If it always fills, you should/can activate B mode from the top, that will keep the friction brakes cooler.
If the hill is long enough that you know the battery will fill, use B mode from the top. This will delay the topping of the battery, reducing the amount of time you'll have to use friction brakes or listen to the highest level of engine screaming from compression braking, While the battery is still filling, I see no problem with riding the brakes in regeneration mode. That puts no (or very little) heat into rotors. It is fairly easy to monitor and stay primarily in regen (not friction) braking in the regular Prius, but I don't know how the 'v' displays are different. When regen braking is done, or insufficient, I believe one should use the brakes the same as a regular nonhybrid. As for pulsing vs. riding the brake, I was not taught to pulse, and am having difficult figuring out how that would help. It seems that the vehicle's kinetic energy that gets turned into brake heat is a function of mass and speed change and elevation drop, and should be the same regardless of brake modulation pattern. The only methods I was taught for avoiding brake overheating were (1) downshift to use engine compression braking, shifting some heat away from the brakes and into the engine exhaust, and (2) take a turnout to give the brakes some time to cool before continuing the descent. Pikes Peak even has a mandatory brake checkpoint, where the attendant ordered an F250 not far behind me to pull over into the 30 minute cooling off zone. (FWIW, it had Florida plates.) My spouse does use brake pulsing, unfortunately including hills short enough that regen could otherwise harvest all the energy. But her pulses far exceed the regen limit, so most of the braking action goes into friction, not battery charge. Perversely, this old method (or myth, in my view) for keeping the brakes cooler is actually causing my Prius brakes to get warmer than necessary, while simultaneously hurting MPG by needlessly throwing away recoverable energy. After four years, I've given up trying to retrain her brake foot for a hybrids. When regen is no longer available, I see no downside to pulsing, but no upside either.
The v has three white bars in a box just under the green bars showing energy use. When you brake, each bar lights up as you press harder. Presumably, if you press harder still, that is friction braking. If you only light 2 bars, it can't be using friction brakes, I work at 'just barely' three bars. (To glide, in Pulse and Glide, try for no bars or just one green bar)
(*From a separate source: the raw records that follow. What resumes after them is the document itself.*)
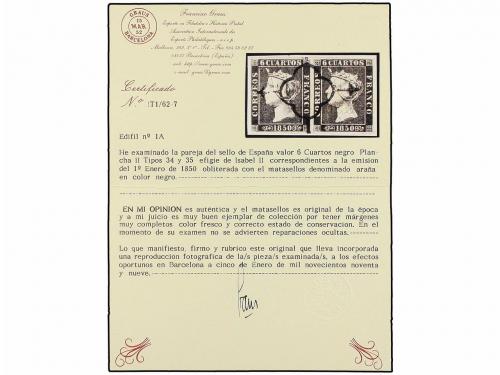 ° ESPAÑA. Ed. 1. 6 cuartos negro, tipo I. 4 parejas horizont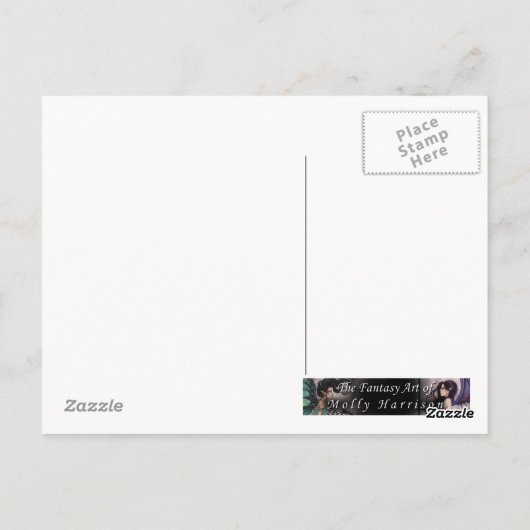 リトルゴシックの妖精とドラゴンのファンタジーアート ポストカード (裏面)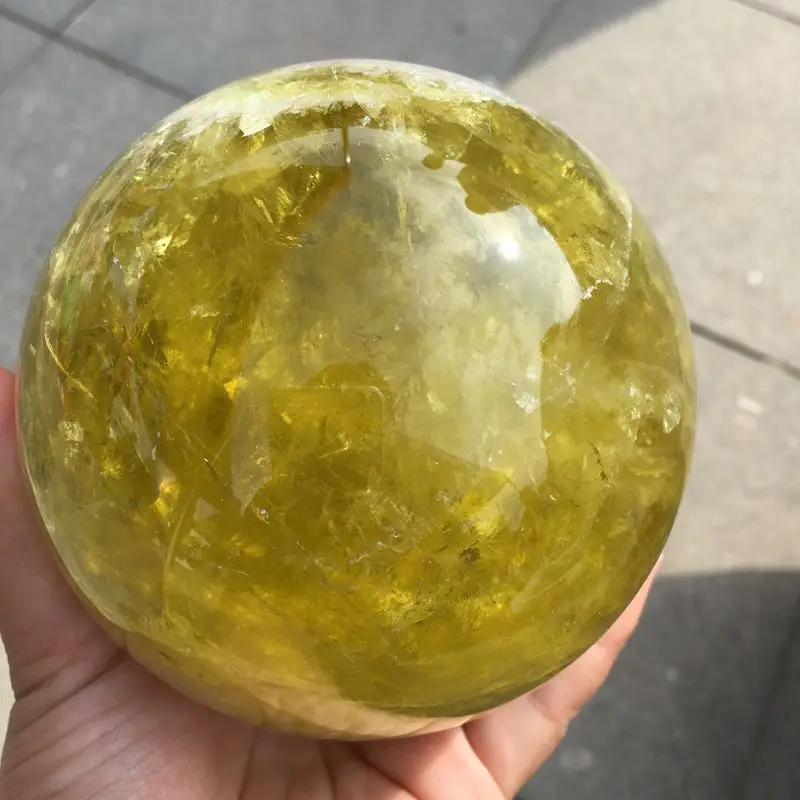 Wholesale magic natural yellow quartz rock citrine healing crystal sphere ball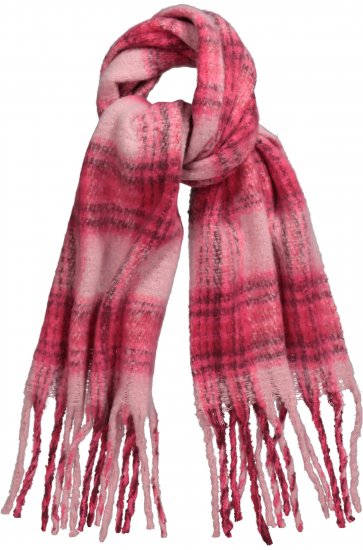 Ulla Popken Plaid Long Fringe Scarf Aubergine - Accessoarer - 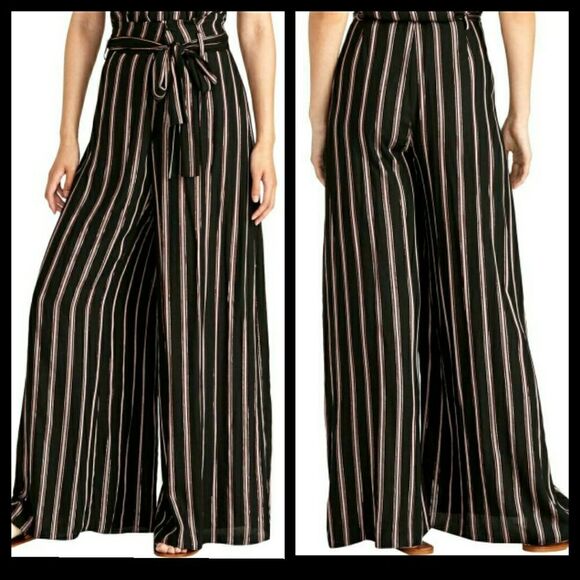 Rachel Rachel Roy Black Wide Leg Palazzo Pants Size 12  NWT - Picture 1 of 3
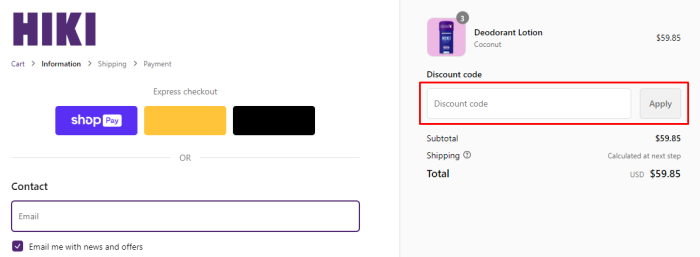 How to use HIKI promo code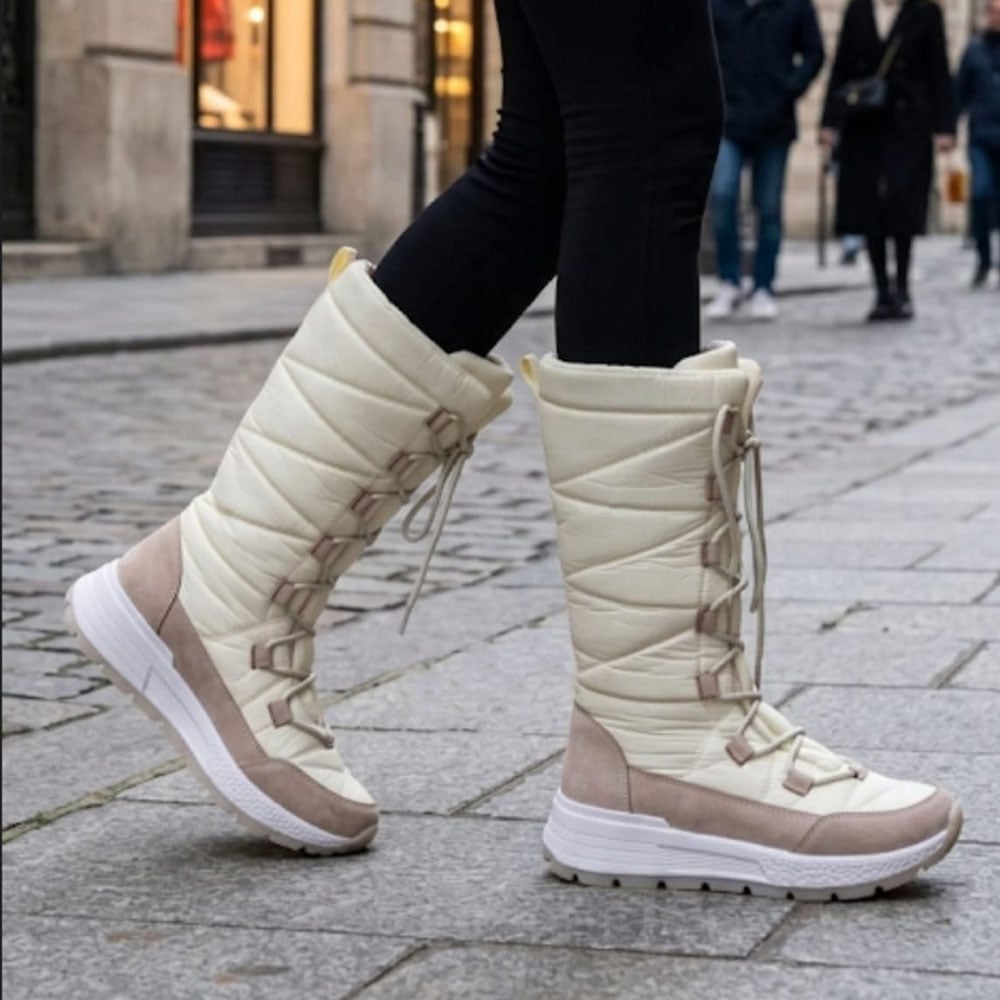BOTA MUJER CASUAL LARGA IMPERMEABLE COLUMBIA 2086-65 COLOR HUESO - 2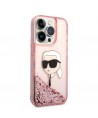 Karl Lagerfeld Glitter Karl's Head case for iPhone 14 Pro Max - pink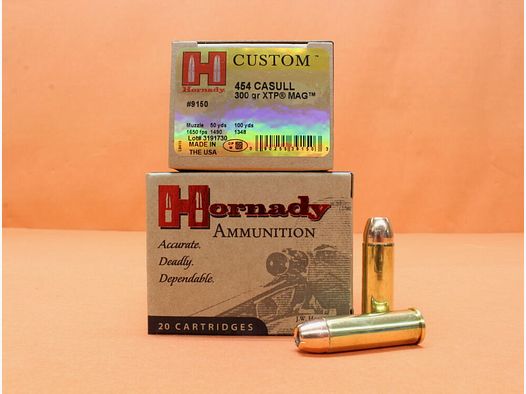 Hornady cartridge .454 Casull Hornady 300grs HP (9150) VE 20 cartridges (XTP)/ 19.44g hollow point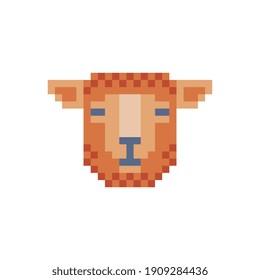 Sheep head pixel art icon lamb animal isolated vector illustration. 8-bit sprite. Design stickers, logo, mobile app, embroidery.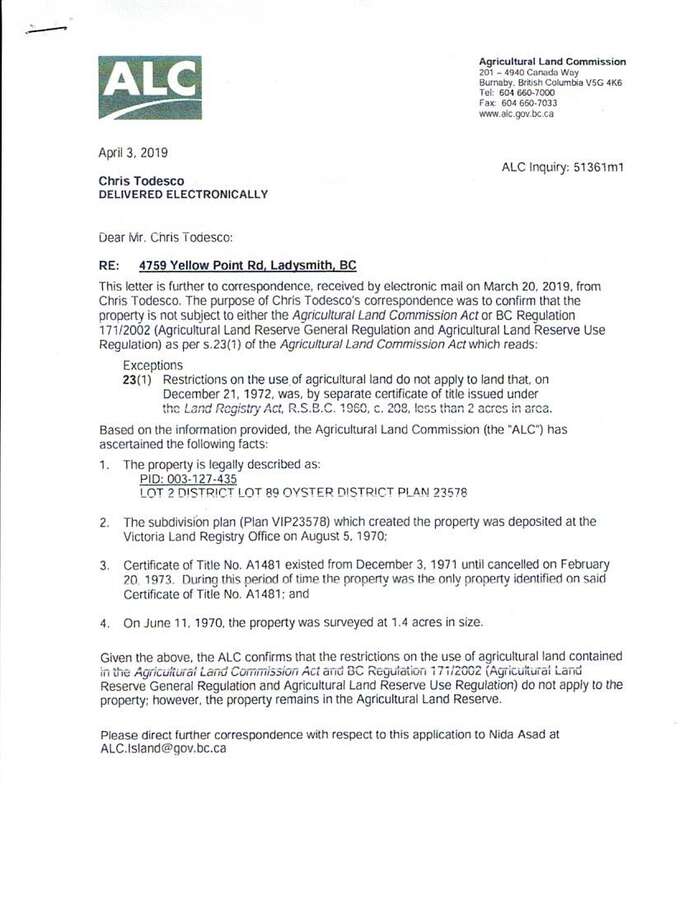 ALR exemption letter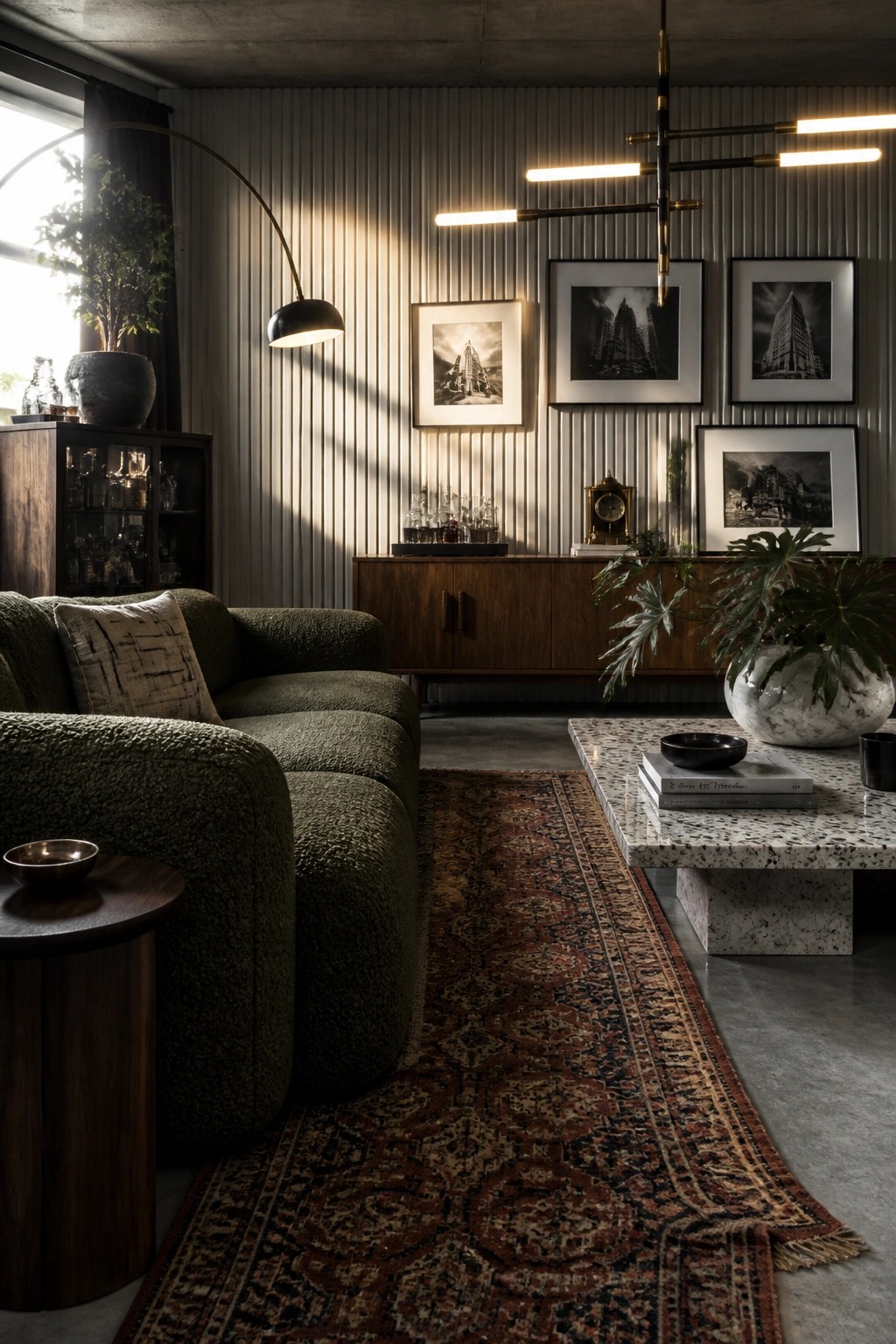 Modern living room with green sofa, Persian rug, marble table and wood accents.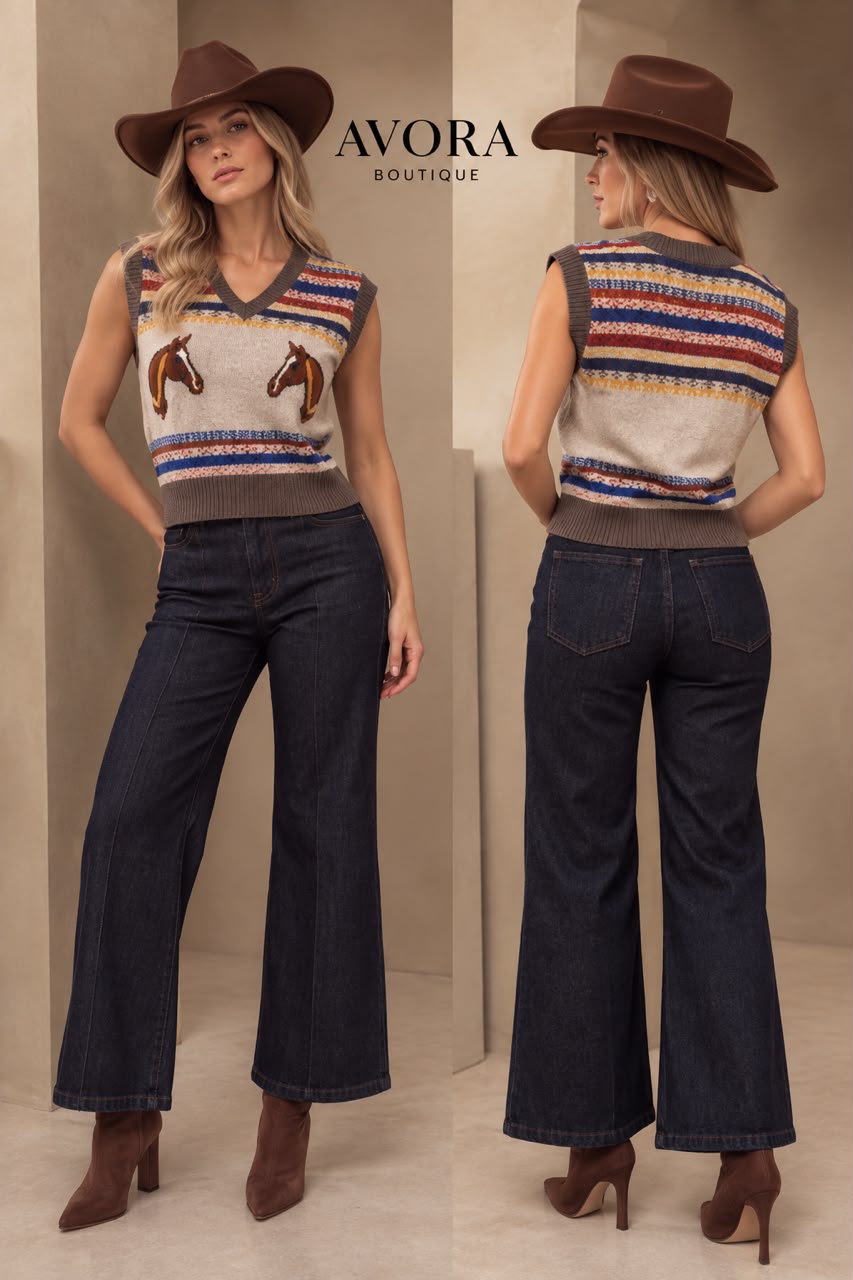 Chaleco vaquero tejido con caballos bordados, de frente y de espalda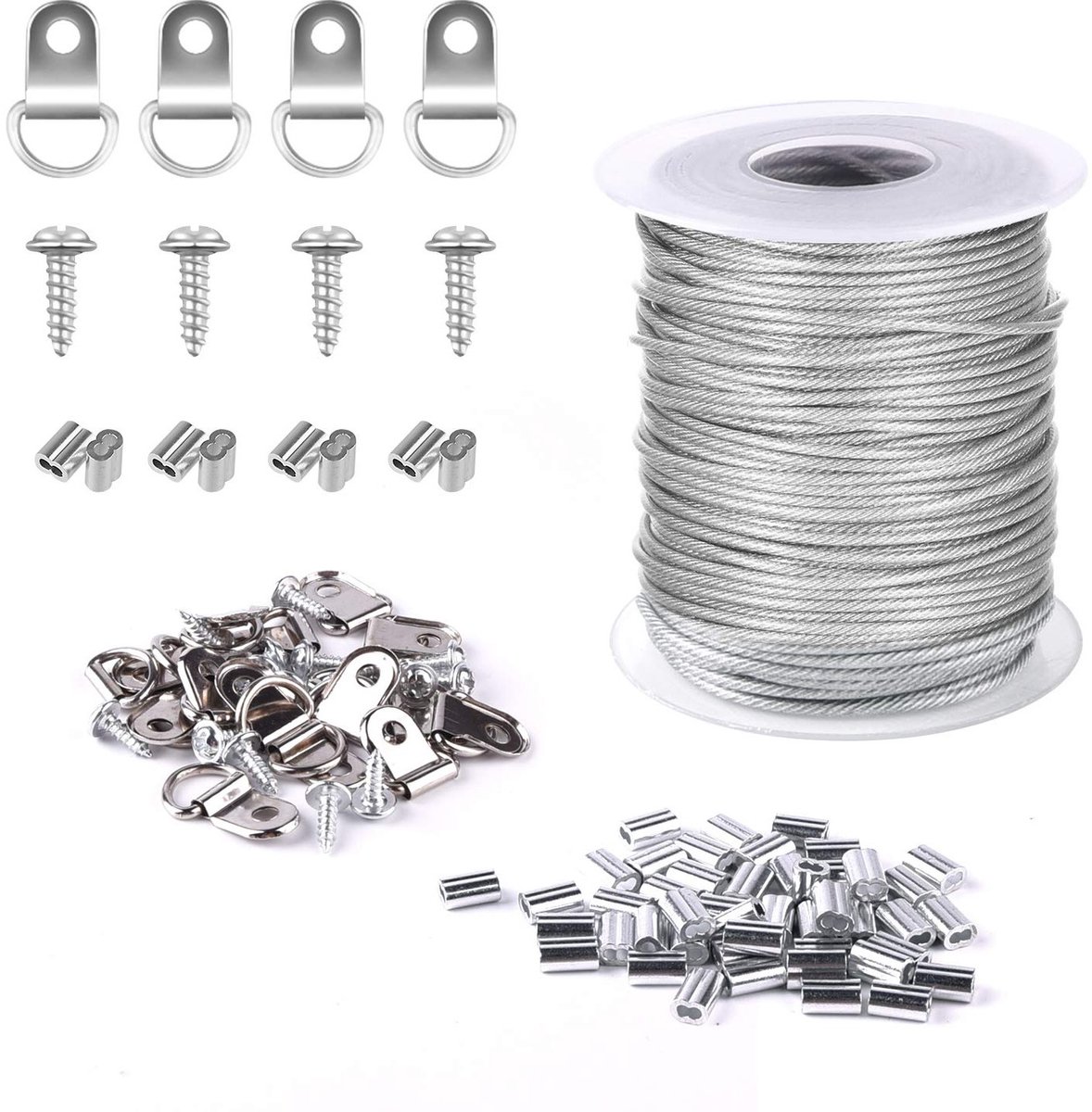 1.5mmx30m Foto Lijndraad van RVS met 30 Aluminium Kousen en 15 D-ring Hangers voor Tot 25kg Belastbaarheid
Found a good article on braking doing a quick google search: proper way to decend grade Compares Snub braking(what i'm referring to as "pulse" braking) and controlled braking(riding the brakes). Liked this part: I'm pretty sure with ABS,EBD,VSC, yadda yadda the Prius v has near perfect brake balance compared to a big truck with air brakes in questionable condition, so riding the brakes as you say fuzzy1 i'm now convinced is totally fine in the v and hereby determine to repent of my pulse braking ways.
^^ Thanks for finding this. I do understand why it is better for those trucks. And it gives me confidence that I wasn't doing anything wrong or missing anything useful on the cars I have driven.